[Items from a dataset]
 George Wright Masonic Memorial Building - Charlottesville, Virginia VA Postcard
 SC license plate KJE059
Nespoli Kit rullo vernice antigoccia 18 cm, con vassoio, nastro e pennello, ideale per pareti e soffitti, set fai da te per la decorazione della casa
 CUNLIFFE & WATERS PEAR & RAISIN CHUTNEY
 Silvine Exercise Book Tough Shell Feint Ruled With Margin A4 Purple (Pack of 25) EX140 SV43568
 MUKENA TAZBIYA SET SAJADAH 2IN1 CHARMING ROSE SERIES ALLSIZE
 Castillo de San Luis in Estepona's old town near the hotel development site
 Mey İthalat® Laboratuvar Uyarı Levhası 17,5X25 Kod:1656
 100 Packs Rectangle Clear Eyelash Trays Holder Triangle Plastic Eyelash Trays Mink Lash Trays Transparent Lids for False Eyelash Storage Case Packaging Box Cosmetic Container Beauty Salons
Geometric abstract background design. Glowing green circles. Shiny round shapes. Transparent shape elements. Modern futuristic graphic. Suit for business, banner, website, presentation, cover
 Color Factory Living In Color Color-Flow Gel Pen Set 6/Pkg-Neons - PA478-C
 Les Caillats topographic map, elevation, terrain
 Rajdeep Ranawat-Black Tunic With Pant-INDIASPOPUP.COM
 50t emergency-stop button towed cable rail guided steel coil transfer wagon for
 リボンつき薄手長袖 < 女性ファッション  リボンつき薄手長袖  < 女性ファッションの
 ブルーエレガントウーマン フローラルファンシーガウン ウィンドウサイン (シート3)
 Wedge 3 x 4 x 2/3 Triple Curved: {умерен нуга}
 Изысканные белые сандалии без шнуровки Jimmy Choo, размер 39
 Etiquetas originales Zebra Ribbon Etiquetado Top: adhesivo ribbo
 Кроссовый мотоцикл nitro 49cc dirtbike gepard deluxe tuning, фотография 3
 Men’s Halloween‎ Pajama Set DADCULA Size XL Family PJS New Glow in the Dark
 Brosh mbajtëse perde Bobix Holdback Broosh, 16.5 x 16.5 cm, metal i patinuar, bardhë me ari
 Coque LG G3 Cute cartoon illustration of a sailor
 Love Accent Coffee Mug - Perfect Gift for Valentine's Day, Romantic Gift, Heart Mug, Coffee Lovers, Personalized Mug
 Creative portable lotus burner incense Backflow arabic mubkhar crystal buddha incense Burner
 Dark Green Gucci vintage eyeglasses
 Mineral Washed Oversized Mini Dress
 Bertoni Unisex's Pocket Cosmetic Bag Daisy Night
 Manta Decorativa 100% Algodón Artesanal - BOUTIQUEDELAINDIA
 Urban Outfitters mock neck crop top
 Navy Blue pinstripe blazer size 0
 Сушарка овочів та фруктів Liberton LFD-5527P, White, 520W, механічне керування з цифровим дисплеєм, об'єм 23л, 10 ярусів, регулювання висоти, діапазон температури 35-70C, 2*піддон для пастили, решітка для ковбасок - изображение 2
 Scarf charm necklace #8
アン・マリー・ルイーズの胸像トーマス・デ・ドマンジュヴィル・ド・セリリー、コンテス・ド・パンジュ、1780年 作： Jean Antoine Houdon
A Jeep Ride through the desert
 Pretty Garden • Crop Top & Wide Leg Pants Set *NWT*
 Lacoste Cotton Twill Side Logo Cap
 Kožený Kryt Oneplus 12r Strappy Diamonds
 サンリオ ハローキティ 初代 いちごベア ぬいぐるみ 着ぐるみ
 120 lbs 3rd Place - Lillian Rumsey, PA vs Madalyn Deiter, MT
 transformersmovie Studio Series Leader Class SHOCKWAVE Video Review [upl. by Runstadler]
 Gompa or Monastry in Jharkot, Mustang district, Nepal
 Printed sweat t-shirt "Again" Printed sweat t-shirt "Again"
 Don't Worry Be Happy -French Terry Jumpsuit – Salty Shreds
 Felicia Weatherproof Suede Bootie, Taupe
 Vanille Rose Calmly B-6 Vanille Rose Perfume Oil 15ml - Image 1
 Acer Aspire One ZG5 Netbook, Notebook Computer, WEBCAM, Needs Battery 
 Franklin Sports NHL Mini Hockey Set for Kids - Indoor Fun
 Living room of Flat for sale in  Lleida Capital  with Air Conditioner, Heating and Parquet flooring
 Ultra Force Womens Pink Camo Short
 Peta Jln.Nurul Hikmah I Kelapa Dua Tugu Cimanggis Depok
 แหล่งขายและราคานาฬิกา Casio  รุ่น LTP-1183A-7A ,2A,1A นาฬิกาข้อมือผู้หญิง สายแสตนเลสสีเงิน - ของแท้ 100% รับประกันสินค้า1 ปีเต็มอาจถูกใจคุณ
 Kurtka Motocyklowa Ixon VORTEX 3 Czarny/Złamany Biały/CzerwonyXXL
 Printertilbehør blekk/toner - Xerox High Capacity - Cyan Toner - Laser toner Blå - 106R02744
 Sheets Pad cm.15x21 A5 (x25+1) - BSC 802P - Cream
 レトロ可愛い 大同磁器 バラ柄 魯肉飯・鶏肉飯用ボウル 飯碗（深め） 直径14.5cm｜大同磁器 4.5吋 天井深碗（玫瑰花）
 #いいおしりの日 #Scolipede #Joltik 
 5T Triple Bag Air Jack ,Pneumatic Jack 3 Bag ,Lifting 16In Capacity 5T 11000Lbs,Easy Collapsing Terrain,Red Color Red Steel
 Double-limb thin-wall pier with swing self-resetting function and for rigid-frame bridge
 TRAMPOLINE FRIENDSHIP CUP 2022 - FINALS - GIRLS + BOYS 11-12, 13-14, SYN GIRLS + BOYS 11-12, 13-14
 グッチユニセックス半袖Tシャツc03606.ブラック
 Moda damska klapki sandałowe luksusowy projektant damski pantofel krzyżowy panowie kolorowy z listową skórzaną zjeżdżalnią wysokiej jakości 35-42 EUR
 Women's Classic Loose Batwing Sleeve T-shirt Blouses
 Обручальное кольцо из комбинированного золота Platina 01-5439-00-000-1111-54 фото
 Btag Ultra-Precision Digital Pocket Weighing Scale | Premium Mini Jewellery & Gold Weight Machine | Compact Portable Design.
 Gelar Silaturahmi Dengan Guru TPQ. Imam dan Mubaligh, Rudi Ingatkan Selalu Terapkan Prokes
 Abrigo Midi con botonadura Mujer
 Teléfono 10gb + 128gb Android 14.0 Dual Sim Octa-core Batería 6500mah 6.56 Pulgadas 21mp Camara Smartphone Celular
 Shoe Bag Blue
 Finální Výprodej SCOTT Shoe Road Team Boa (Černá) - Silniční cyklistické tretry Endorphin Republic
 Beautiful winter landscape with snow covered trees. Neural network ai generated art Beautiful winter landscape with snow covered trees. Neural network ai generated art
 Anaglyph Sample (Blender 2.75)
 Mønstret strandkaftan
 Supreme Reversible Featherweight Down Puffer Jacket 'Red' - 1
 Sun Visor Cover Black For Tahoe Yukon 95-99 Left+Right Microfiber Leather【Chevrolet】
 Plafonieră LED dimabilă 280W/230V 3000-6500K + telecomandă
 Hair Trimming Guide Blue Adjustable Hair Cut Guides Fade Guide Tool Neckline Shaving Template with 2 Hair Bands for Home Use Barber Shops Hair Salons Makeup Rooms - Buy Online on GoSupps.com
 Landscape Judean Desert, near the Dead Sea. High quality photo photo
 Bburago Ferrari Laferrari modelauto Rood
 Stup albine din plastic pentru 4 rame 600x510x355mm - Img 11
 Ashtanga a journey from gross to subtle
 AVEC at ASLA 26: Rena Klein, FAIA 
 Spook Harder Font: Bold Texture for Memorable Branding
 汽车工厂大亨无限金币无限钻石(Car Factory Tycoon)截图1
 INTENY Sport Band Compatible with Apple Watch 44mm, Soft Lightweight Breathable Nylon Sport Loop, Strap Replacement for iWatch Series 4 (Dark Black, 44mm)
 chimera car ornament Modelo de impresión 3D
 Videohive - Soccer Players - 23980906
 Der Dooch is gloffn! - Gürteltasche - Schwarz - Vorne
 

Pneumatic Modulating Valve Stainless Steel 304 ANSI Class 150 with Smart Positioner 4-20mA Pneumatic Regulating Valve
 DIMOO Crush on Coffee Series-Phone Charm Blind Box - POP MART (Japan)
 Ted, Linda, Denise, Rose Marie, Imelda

• [Task brief]
Up to and including the line that contains "Nespoli Kit rullo", output the records above exactly, beginning with their first line.

• [Written solution]
 George Wright Masonic Memorial Building - Charlottesville, Virginia VA Postcard
 SC license plate KJE059
Nespoli Kit rullo vernice antigoccia 18 cm, con vassoio, nastro e pennello, ideale per pareti e soffitti, set fai da te per la decorazione della casa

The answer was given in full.